The shooting near the the Palestinian city of Hebron was said by the Israeli military to have been the most lethal single attack in the West Bank for four years It is the first fatal West Bank shooting since a policeman was killed in June, also outside Hebron.

The Israeli military said the gunmen fired at a car containing two men and two women, one of them pregnant. All were said to be residents of the Jewish West Bank settlement of Beit Hagai in the South Hebron Hills.

The attack occurred after dark on Route 60, a busy main road through the occupied West Bank used by both Israeli and Palestinian motorists. The attack cast an immediate shadow over an imminent 48 hours of intense diplomatic activity in Washington as both the Israeli Prime Minister, Benjamin Netanyahu, and the Palestinian President, Mahmoud Abbas, arrived in the city ahead of meetings before the formal launch of the new direct talks by US Secretary of State, Hillary Clinton, tomorrow.

The Israeli Defence Minister, Ehud Barak, said Israel would "exact a price" for the killings and added: "This was an apparent bid by lowly terrorists to sabotage the attempt to achieve a diplomatic process and to try to hurt the chances of the talks opening in Washington."

The Ynet news service earlier quoted a paramedic who went to the scene, Guy Gonen, as saying the victims were shot at close range in what appeared to be a "well-planned ambush".

Security forces had been prepared for possible violence which might be committed ahead of the talks, as in the past, by Palestinian groups opposed to negotiations with Israel.

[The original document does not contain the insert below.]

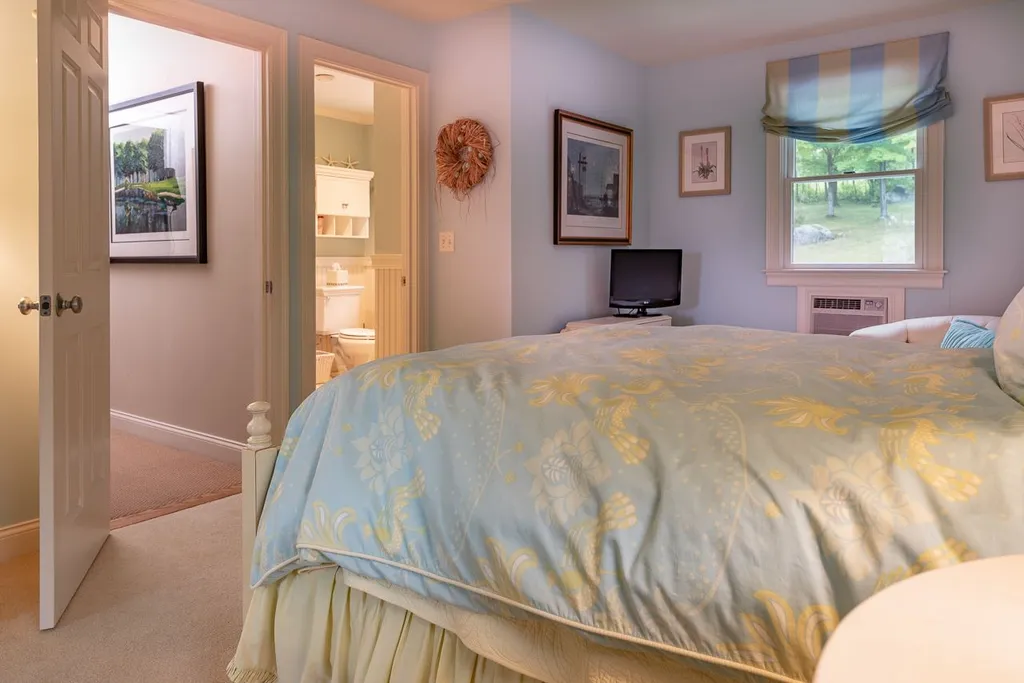 19 Spring Hill Road Moultonborough NH 03254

Hamas, which has no role in the negotiations, has repeatedly criticised Mr Abbas for agreeing to direct talks with Israel. Its armed wing, the Izz el-Din al-Qassam, last night issued a statement saying: "The Qassam Brigades announces its full responsibility for the heroic operation in Hebron."

Hebron is unusual among West Bank cities in that, beside being bordered by the large 42-year-old settlement of Kiryat Arba, it also contains an inner-city enclave which is home to around 800 Jewish settlers.

A US State Department spokesman, P J Crowley, told reporters in Washington: "We are cognisant that there may well be actors in the region who are deliberately making these kinds of attacks in order to try to sabotage the process."

Hundreds of Hamas supporters reportedly demonstrated in support of the attack in one of the faction's strongholds in the town of Jabalya in northern Gaza.